À l’avenir, les cantons pourront relever les montants des déductions accordées sur les dépenses consenties en faveur de la recherche et du développement au-delà des charges effectives. Le Parlement a limité ces déductions que l’on appelle «mesures d’initiation en amont pour la R & D» à 150 % des charges effectives au maximum.
Avec l’impôt sur le bénéfice corrigé des intérêts, les charges d’exploitation devraient également comporter l’intérêt fictif calculé sur les fonds propres de sécurité. Ainsi, les entreprises pourront à l’avenir déduire un intérêt limité, calculé sur leurs fonds propres – une déduction qui est destinée aux entreprises disposant de solides fonds propres. De cette manière, le fait d’opter pour une part élevée de fonds étrangers au total du bilan ne bénéficiera plus d’un avantage fiscal.
Le Conseil des États a commencé par refuser l’impôt sur le bénéfice corrigé des intérêts parce que les cantons s’y étaient opposés en raison des pertes fiscales élevées qui en auraient résulté. Le Conseil national de son côté n’a rien voulu savoir d’un contre-financement et a refusé de reprendre la discussion déjà terminée relative à l’imposition partielle des dividendes. Le Conseil des États a finalement approuvé l’impôt sur le bénéfice corrigé des intérêts pour autant que le canton en question impose les dividendes sur des participations supérieures à 10 % à raison d’au moins 60 %. Malgré toutes les réserves annoncées contre la proposition du Conseil des États, le Conseil national a finalement approuvé le 14 juin 2016 la combinaison des deux propositions. Avec ce compromis, les cantons peuvent donc appliquer un impôt sur le bénéfice corrigé des intérêts si les dividendes sont imposés à 60 % au moins. Au niveau fédéral, l’impôt sur le bénéfice corrigé des intérêts sera appliqué sans un tel contre-financement.
Ce sont tout particulièrement les multinationales qui réuniront de plus en plus leurs principales fonctions en quelques rares emplacements compte tenu de la situation fiscale internationale modifiée. L’impôt sur le bénéfice corrigé des intérêts constitue dès lors un élément important dans la lutte que mène la Suisse en concurrence avec d’autres pays pour attirer sur son sol les activités mobiles et très rentables des multinationales.
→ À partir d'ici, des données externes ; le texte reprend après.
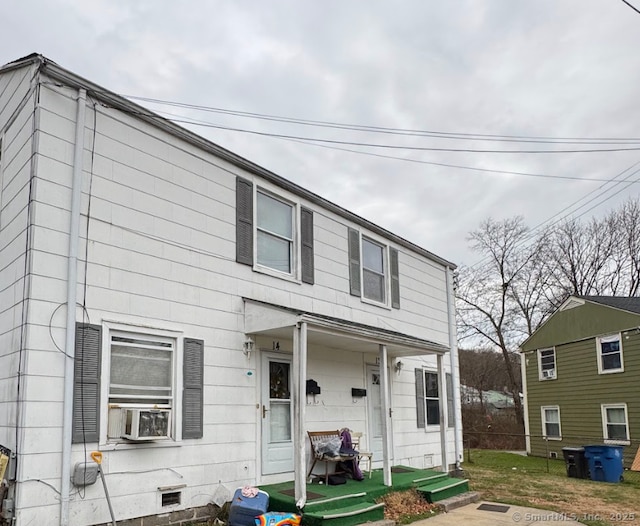 view of front of house featuring cooling unit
Avec la réforme de l’imposition des entreprises III, la Suisse reste attrayante pour des sociétés internationales, ce qui permet de maintenir des emplois, de favoriser des investissements dans la recherche et le développement et de générer d’importantes recettes fiscales pour les collectivités publiques. La réforme peut entraîner une baisse des impôts pour une majorité des entreprises en Suisse, ce qui dépend toutefois de la façon dont chaque canton met en œuvre cette réforme. Tant des multinationales que des PME suisses peuvent profiter des mesures proposées par la RIE III.